In the workplace, employee motivation can drop. A manager that can respond to this situation will maintain the success and performance of their department. Knowing these theories can give one clues and ideas as how to best motivate the employees towards better performance, and therefore, better organizational outcomes. I will now discuss several theories of motivation, which are useful in the workplace: The Hawthorne Effect, Human Motivation Theory, Positive Reinforcement and The Hierarchy of Needs.
First, let’s talk about the “Hawthorne Effect”. The researchers varied the level of light, and looked to see if they could find some productivity relationships between the level of light and worker productivity. They tried raising the level of light, and productivity increased. They lowered the level of light back to the regular level, and productivity increased. Whatever they did, they couldn’t agree on any productivity and light relationships. When their study ended, productivity fell. The researchers summarized that the subjects of the experiment simply liked the idea of experimenters paying attention to them, and reasoned that, worker motivation improves as there are people showing an interest in what they do.
Second, let’s talk about the “Human Motivation Theory”. As part of the theory, there are three motivating drivers, one of which dominates in each of us. One, there is a need for achievement. People with a high need for achievement have a need to set and accomplish goals. Achievement oriented people are often found in technical professions. Two, there is a need for affiliation. People with a need for affiliation want to belong to a group and they favour collaboration over competition. Affiliation oriented people are often found in administrative professions. Three, there is a need for power. People with a need for power want to control and influence others and they enjoy competition, winning and status. Power oriented people are often found in leadership professions. By identifying which social motives are strong in different people, it is then possible to offer them what they need through the design of a job that matches their needs.
Third, let’s talk about Positive Reinforcement theory. In 1971, B.F. skinner showed that people would tend to repeat an act that they have previously been rewarded for. This leads us to an important idea. Based on this theory, it should be possible to control people’s future actions, by making careful and controlled responses to current actions. With positive reinforcement, desirable behaviours are reinforced. Positive reinforcement could include money, recognition, time off work, and praise.
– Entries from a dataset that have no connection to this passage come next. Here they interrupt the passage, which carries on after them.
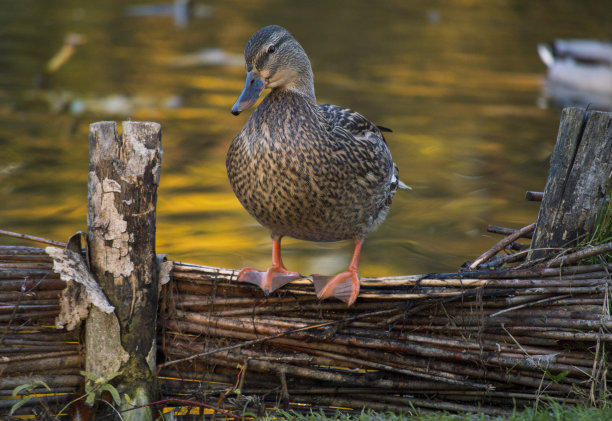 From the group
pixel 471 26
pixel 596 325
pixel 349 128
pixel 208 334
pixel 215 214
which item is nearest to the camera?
pixel 596 325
Managers should use positive reinforcement to reinforce aspects of the employee that are related to performance as well as behaviours they wish to continue.
Fourth, let’s talk about the idea of “hierarchy of needs”. Abraham Maslow believed there are five major levels of need, and that the needs are hierarchical. He believed our attention is focused initially on the lower level needs, until they are satisfied, at which point our attention goes up the hierarchy to the next level of need. To begin with, the lowest level of need is the “survival” need. This level of need represents the person’s basic needs, such as food and shelter. The next level of need up the hierarchy is the “safety and security” need. This level of need is about the need to be free of danger. Next up, there are “social” needs. This level of needs involves the need for friendship, family, and sexual intimacy. A manager could motivate employees at this level, by organizing social activities such as picnics, parties, workshops and programs. The next level up includes the “ego” needs. This level of need is related to concepts of; self-esteem, confidence, and achievement. Recognizing, praising, offering awards, increasing salary, marketing them publicly or promoting to a higher position, are all different ways an employee at this level can be motivated. The last, and fifth level of the hierarchy is the need for “self actualization”. This level of need deals with the need to develop continually, and to realize one’s potential. If someone has worked very hard to master all of the tasks at their position, then they must be switched to another position, where there is still room available to learn new things and grow. Otherwise they will lose motivation. As you can see, the workplace can satisfy the various levels of need that people have.